(Beginning of Data in this exercise)
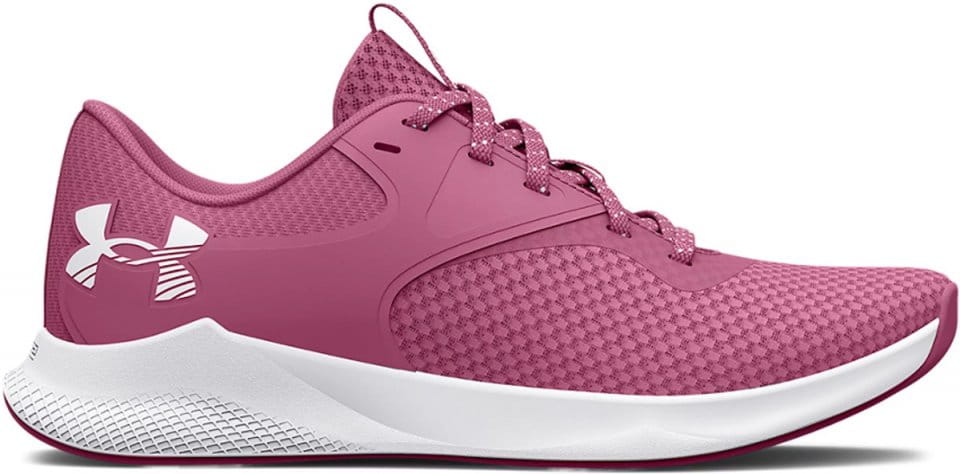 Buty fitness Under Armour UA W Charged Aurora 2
(End of Data in this exercise)
(Beginning of Data in this exercise)
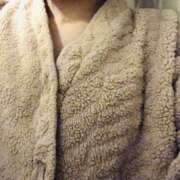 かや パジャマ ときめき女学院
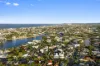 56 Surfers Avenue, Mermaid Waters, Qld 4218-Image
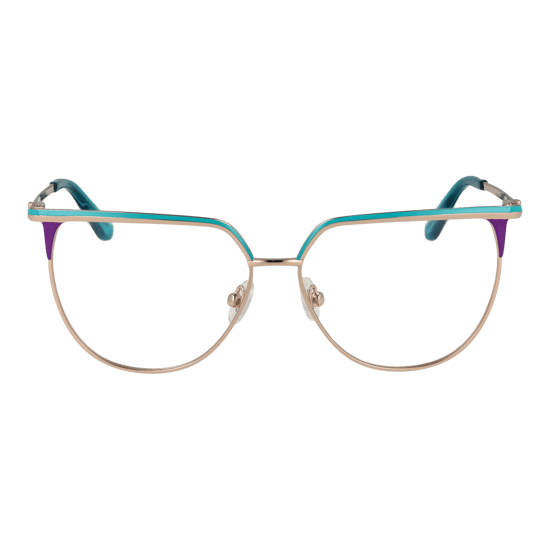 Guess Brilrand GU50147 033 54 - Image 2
(End of Data in this exercise)
The answer is those lines of the material above that run from the one containing "かや パジャマ ときめき女学院" up to and including the one containing "Guess Brilrand GU50147 033 54 - Image 2", restated exactly and without images.

§ **Exercise result**:
 かや パジャマ ときめき女学院
 56 Surfers Avenue, Mermaid Waters, Qld 4218-Image
 Guess Brilrand GU50147 033 54 - Image 2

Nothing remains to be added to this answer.